“We’re not seeing a departure on the state level,” said Brett Tolman, a former U.S. attorney who is now the executive director of Right on Crime, a conservative reform group. On the federal level, he said, “Roughly the same crowd has just gotten louder.”
Conservatives also blame some Democrats for seeking maximal goals, rather than pragmatic compromise, on issues like qualified immunity for police officers.
“I think what we’re hearing is a reflection that the reform movement has moved beyond modest goals to some fairly radical ideas,” said Rafael Mangual, a fellow at the conservative Manhattan Institute who is the author of a forthcoming book that is critical of criminal justice reform.
Groups on the left are nonetheless watching the escalating language on the right with trepidation, warning of the costs of returning to ’80s- and ’90s-era crime policies that filled prisons with low-level drug users and other nonviolent offenders. To that end, the Brennan Center for Justice, a leading critic of those policies, is publishing a series of essays on “punitive excess” that aim to push back at narratives in favor of mass incarceration.
“This is a really important moment for justice reform,” said Lauren-Brooke Eisen, who directs the center’s Justice Program. “It would be a mistake to regress, to go back to policies that did not produce public safety.”

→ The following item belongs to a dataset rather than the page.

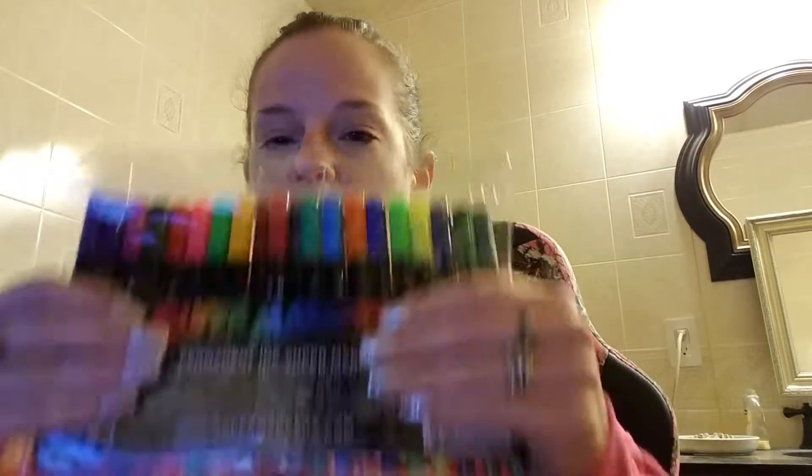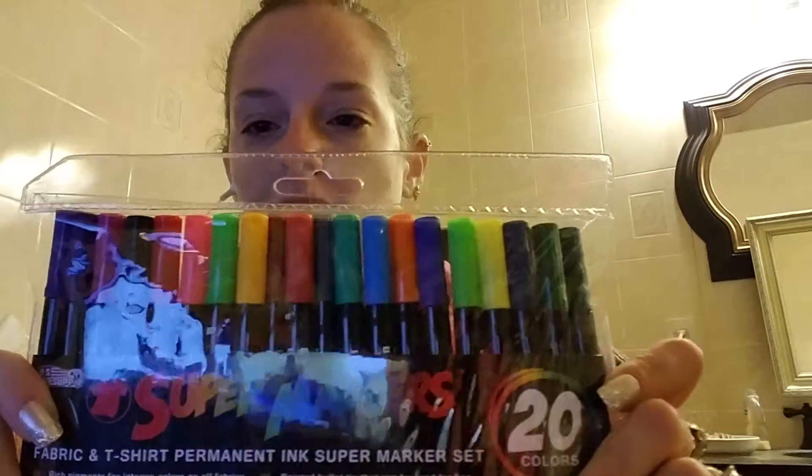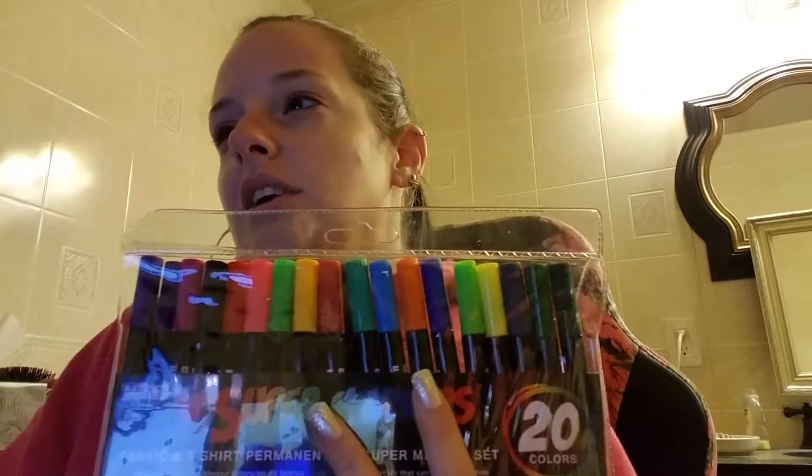This review is for the Super Markers 20-color premium fabric and t-shirt marker set, which has a unique fine tip and bullet point tip. This is how they come. The colors are nice and vibrant.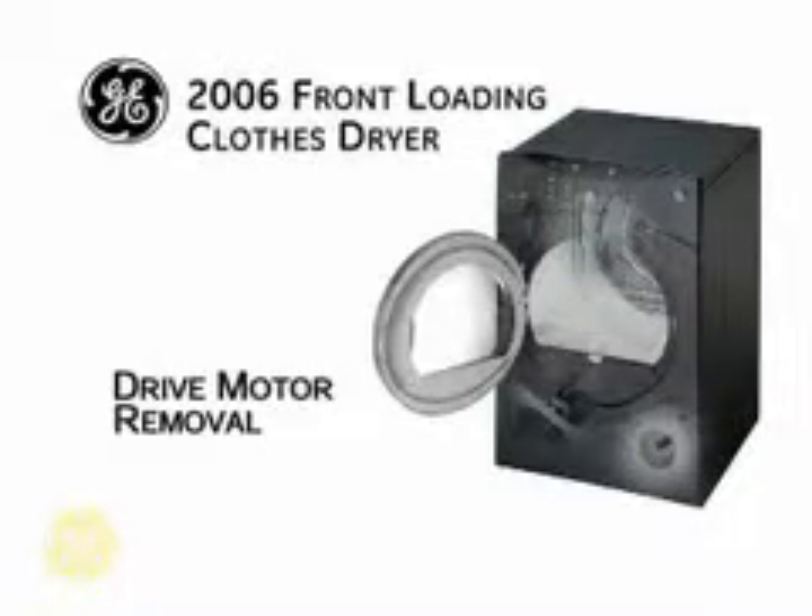To remove the drive motor, the dryer top, front, and clothes drum must be removed first.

Several advocates pointed to a recent breakthrough on the EQUAL Act, a long-awaited federal bill to reduce the disparity in sentencing between powder and crack cocaine offenders. This week, the bill reached the key threshold of 10 Republican co-sponsors in the Senate, breaking a potential filibuster.
To Jillian Snider, a retired New York City police officer and policy director at R Street, a right-leaning think tank, it was a sign that the antics on the Senate Judiciary Committee were hardly representative of Republicans as a whole.